§ **WHAT IS BEING ASKED**:
Only a slice of the listing below is wanted. Retype the lines from the one containing "Enhance Cryogen 5" through the one containing "Crosley CR8017B-GY Voyager", exactly, both ends included.

§ **DATA SHOWN**:
Content starts

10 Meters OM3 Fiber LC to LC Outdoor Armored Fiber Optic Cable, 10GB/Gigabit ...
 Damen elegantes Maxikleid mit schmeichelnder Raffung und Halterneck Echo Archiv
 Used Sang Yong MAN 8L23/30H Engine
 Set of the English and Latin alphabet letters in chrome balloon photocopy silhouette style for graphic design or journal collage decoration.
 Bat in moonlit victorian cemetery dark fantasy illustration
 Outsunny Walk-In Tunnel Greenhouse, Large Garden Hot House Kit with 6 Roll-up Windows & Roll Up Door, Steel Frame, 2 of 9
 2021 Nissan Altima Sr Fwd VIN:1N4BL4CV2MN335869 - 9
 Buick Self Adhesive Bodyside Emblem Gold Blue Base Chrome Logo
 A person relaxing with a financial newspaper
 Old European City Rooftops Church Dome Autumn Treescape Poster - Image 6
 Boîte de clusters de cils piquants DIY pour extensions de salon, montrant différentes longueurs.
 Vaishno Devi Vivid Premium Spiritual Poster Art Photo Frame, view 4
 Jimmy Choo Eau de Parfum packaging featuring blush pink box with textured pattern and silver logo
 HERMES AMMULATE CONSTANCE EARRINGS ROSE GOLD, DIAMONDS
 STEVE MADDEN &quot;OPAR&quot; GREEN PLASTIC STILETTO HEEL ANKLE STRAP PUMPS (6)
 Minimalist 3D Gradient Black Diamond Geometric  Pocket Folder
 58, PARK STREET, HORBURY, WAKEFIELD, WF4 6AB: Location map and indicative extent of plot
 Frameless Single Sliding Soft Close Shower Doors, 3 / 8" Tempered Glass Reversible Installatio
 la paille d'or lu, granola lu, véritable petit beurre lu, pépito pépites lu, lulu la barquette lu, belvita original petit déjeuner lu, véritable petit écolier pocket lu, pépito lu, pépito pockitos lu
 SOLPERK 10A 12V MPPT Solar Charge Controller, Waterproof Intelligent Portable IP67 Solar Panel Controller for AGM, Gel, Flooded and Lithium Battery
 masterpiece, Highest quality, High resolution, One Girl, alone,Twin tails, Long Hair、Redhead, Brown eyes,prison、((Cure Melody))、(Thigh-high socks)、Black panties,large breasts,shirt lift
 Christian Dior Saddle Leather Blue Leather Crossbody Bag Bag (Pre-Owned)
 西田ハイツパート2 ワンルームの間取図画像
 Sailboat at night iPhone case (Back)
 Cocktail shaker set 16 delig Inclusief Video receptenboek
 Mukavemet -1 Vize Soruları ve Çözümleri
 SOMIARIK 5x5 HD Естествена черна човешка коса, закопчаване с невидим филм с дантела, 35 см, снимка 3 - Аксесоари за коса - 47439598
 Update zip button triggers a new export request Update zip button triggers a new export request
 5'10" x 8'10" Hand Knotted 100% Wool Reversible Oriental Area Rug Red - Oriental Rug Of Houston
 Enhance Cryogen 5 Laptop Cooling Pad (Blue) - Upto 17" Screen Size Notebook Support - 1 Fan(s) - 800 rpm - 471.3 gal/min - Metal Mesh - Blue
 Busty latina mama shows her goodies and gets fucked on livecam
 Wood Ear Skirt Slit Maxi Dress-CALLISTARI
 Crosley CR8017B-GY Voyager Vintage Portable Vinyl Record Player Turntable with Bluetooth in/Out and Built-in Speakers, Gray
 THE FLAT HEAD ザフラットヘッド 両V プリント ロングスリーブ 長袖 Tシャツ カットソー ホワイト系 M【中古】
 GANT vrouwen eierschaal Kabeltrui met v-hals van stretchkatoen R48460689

Content ends

§ **RESPONSE FOR THIS EXERCISE**:
 Enhance Cryogen 5 Laptop Cooling Pad (Blue) - Upto 17" Screen Size Notebook Support - 1 Fan(s) - 800 rpm - 471.3 gal/min - Metal Mesh - Blue
 Busty latina mama shows her goodies and gets fucked on livecam
 Wood Ear Skirt Slit Maxi Dress-CALLISTARI
 Crosley CR8017B-GY Voyager Vintage Portable Vinyl Record Player Turntable with Bluetooth in/Out and Built-in Speakers, Gray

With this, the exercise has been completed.